+++ Data for review
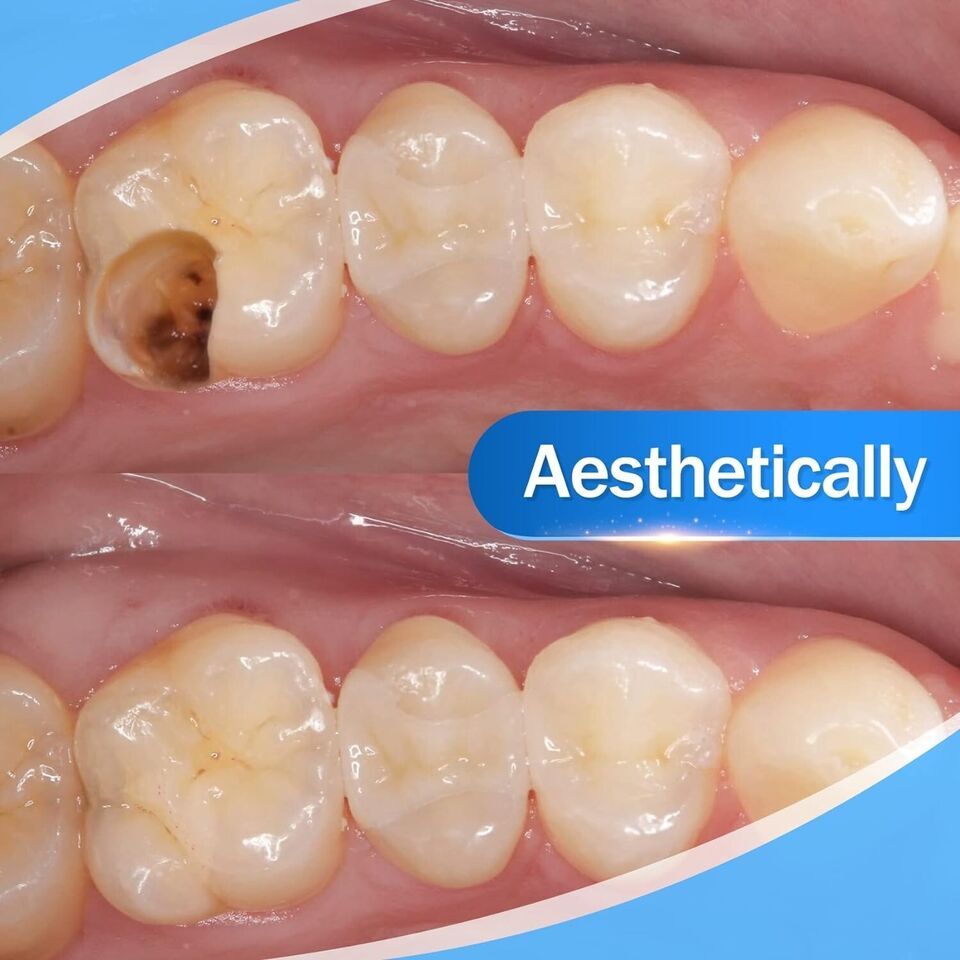 Dental Cement Teeth Resin Tooth Repair Dental Cement Cavity Filling Strong Repai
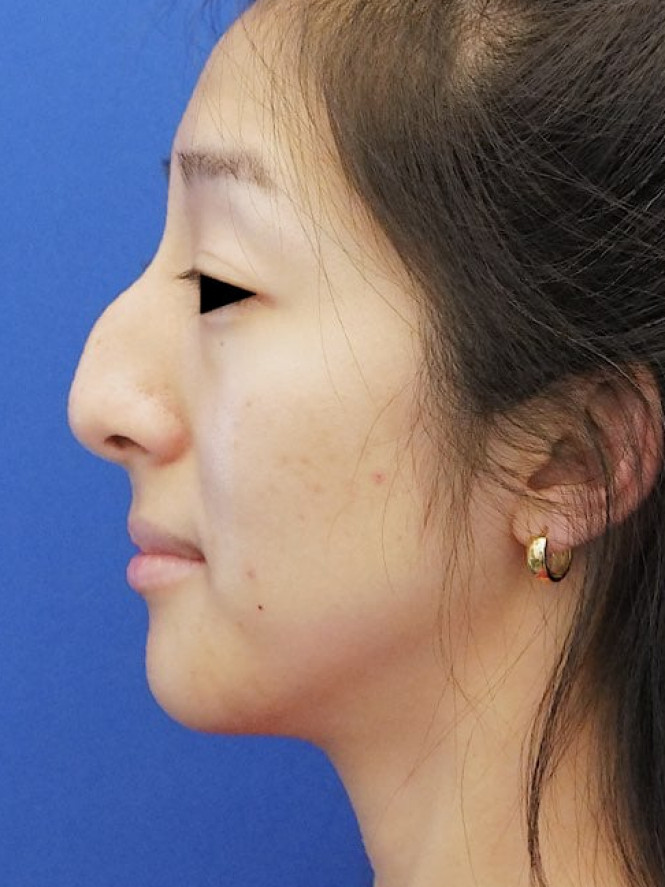 Preservation Ethnic Rhinoplasty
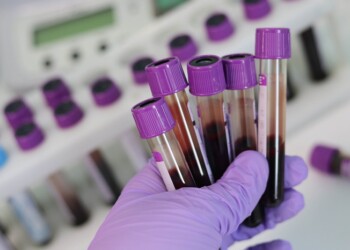 Verso un Osservatorio globale del sangue, per fermare le pandemie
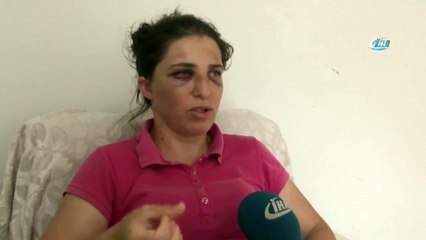 Bisküvi Kırıntılarına Sinirlendi, Eşini Tanınmaz Hale Getirdi!
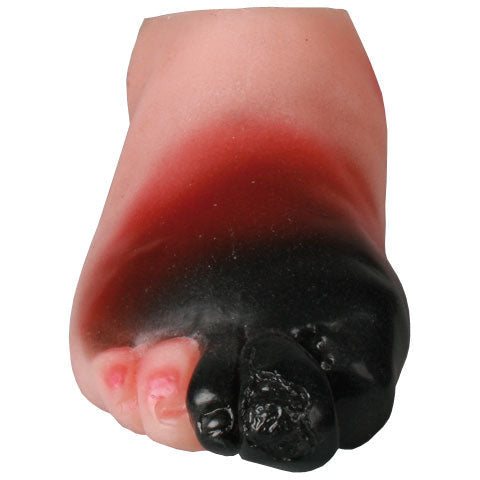 Diabetic Foot Model - Severe Stage - Erler Zimmer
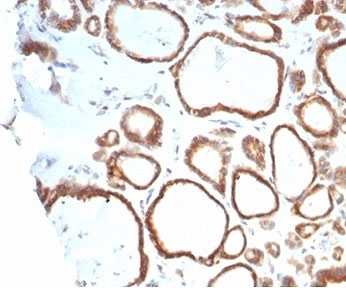 IHC staining of FFPE human thyroid tissue with HSP90AB1 antibody (clone HSP90AB1/4970). HIER: boil tissue sections in pH 9 10mM Tris with 1mM EDTA for 20 min and allow to cool before testing.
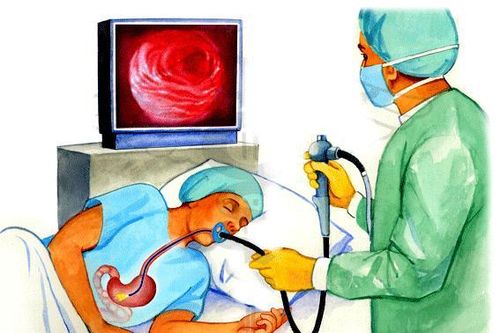 Khi nào cần nội soi dạ dày?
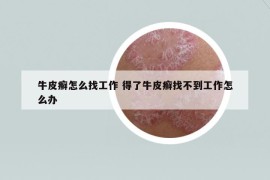 牛皮癣怎么找工作 得了牛皮癣找不到工作怎么办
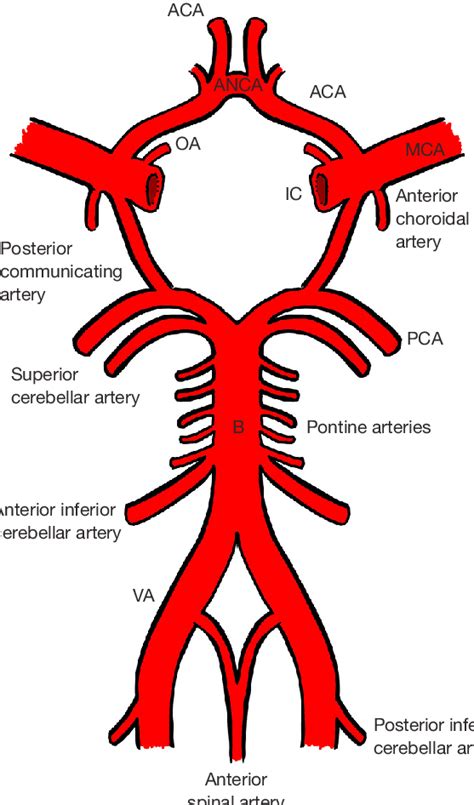 Vertebral Artery Ct Scan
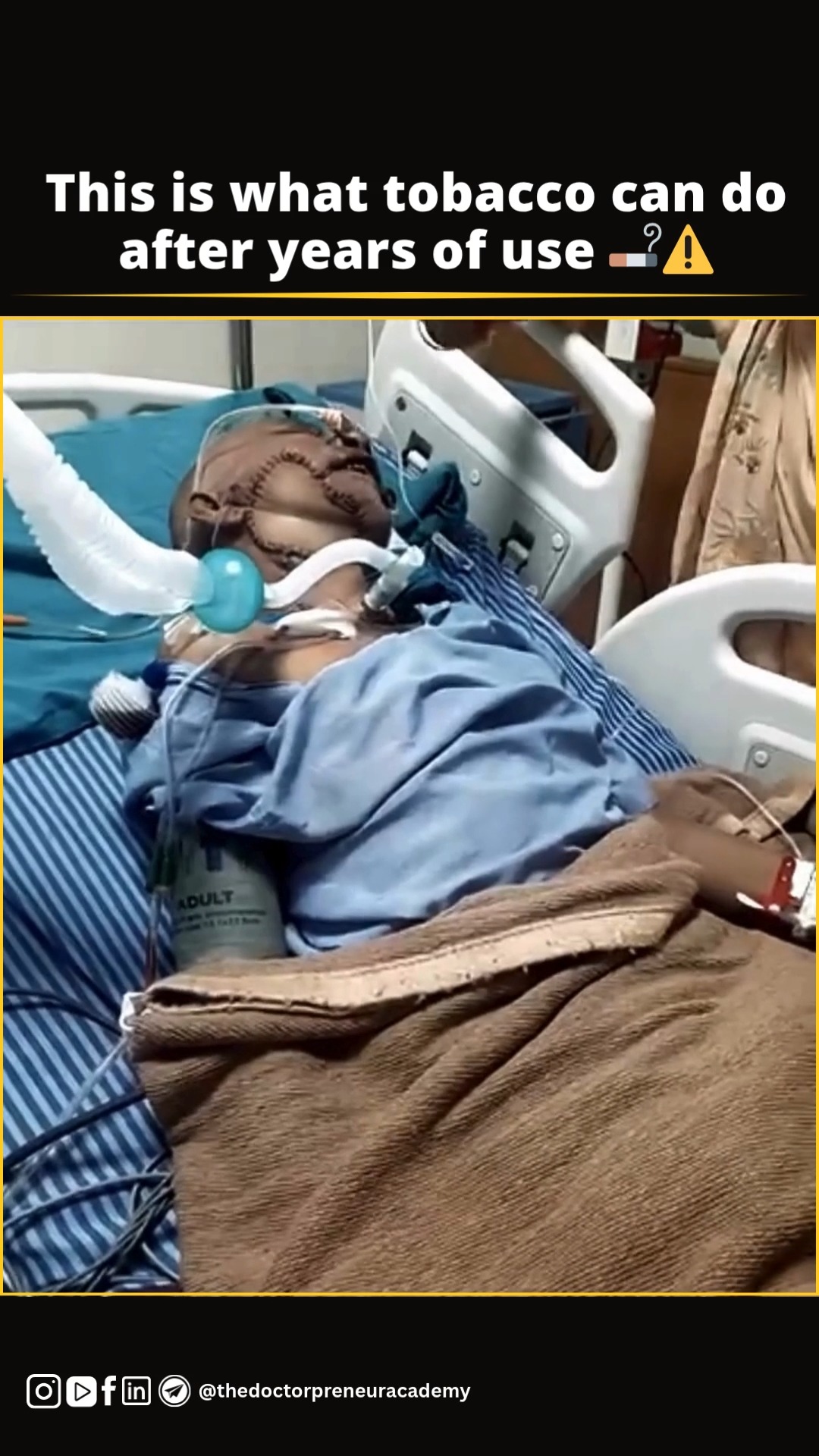 This is what tobacco can do after years of use 🚬⚠️, long-term addiction  can seriously harm your health., #tobaccodangers #quitnow #smokingkills  #healthwarning #saynototobacco #addictionawareness 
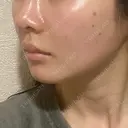 ヒアルロン酸注入（頬） / ヒアルロン酸注入（鼻翼基部） KIMI CLINIC 形成・美容外科 DAY 30 サムネイル用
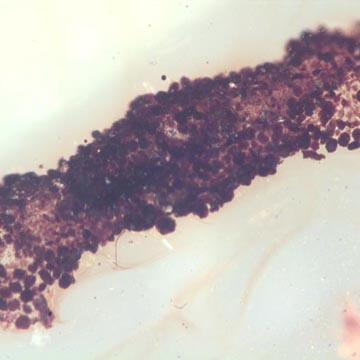 Rare Larval Case Of Tineid Moth And Thrip In Dominican Amber. Rare Larval Case Of Tineid Moth And Thrip In Dominican Amber.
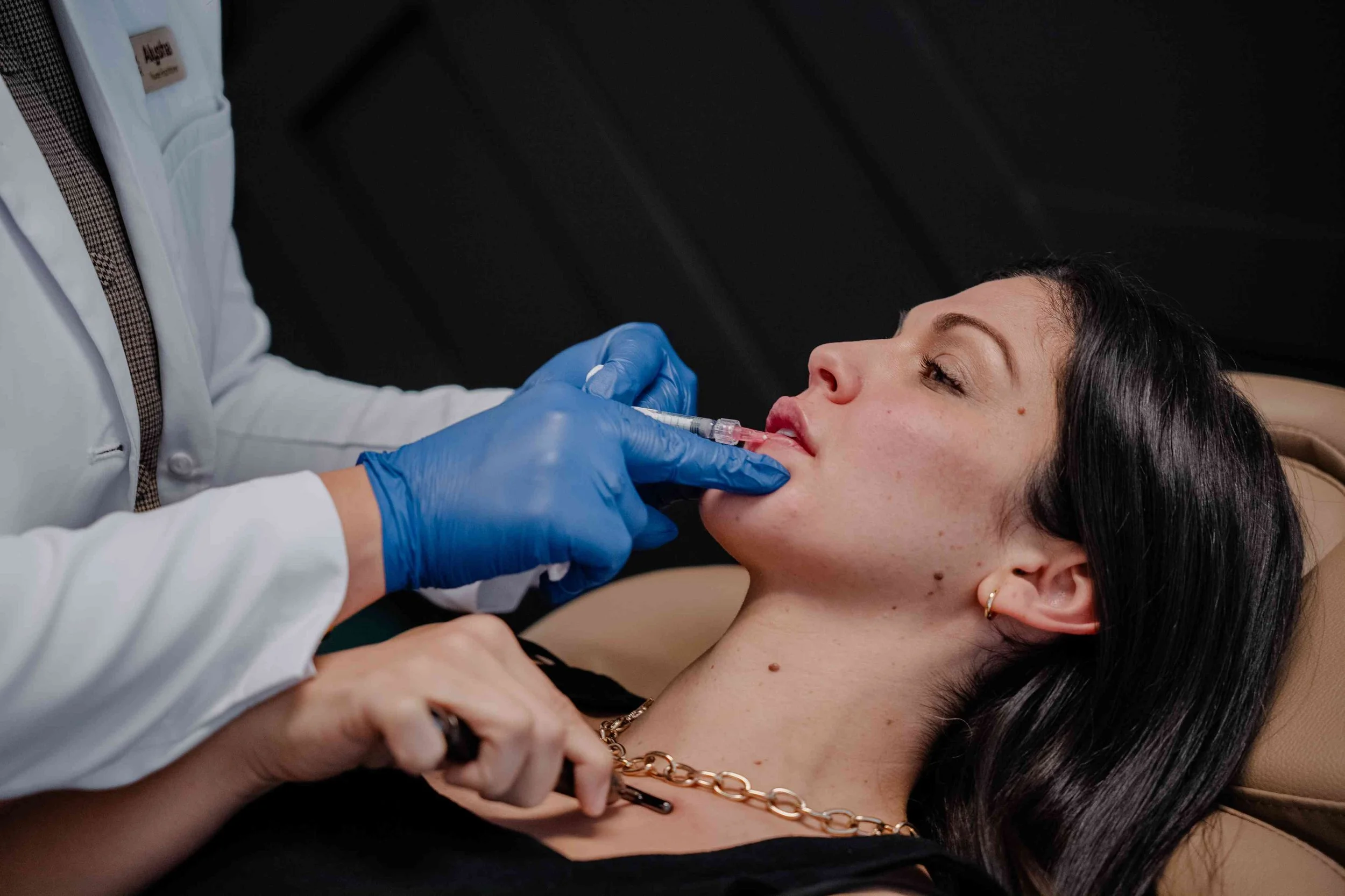 Provider in blue gloves injecting lip filler into a client's upper lip, a treatment offered by lip fillers near Peoria, AZ providers.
++++++
• What to do
The data above should be returned in full, exactly as written, apart from its images.

• Exercise solution
 Dental Cement Teeth Resin Tooth Repair Dental Cement Cavity Filling Strong Repai
 Preservation Ethnic Rhinoplasty
 Verso un Osservatorio globale del sangue, per fermare le pandemie
 Bisküvi Kırıntılarına Sinirlendi, Eşini Tanınmaz Hale Getirdi!
 Diabetic Foot Model - Severe Stage - Erler Zimmer
 IHC staining of FFPE human thyroid tissue with HSP90AB1 antibody (clone HSP90AB1/4970). HIER: boil tissue sections in pH 9 10mM Tris with 1mM EDTA for 20 min and allow to cool before testing.
 Khi nào cần nội soi dạ dày?
 牛皮癣怎么找工作 得了牛皮癣找不到工作怎么办
 Vertebral Artery Ct Scan
 This is what tobacco can do after years of use 🚬⚠️, long-term addiction  can seriously harm your health., #tobaccodangers #quitnow #smokingkills  #healthwarning #saynototobacco #addictionawareness 
 ヒアルロン酸注入（頬） / ヒアルロン酸注入（鼻翼基部） KIMI CLINIC 形成・美容外科 DAY 30 サムネイル用
 Rare Larval Case Of Tineid Moth And Thrip In Dominican Amber. Rare Larval Case Of Tineid Moth And Thrip In Dominican Amber.
 Provider in blue gloves injecting lip filler into a client's upper lip, a treatment offered by lip fillers near Peoria, AZ providers.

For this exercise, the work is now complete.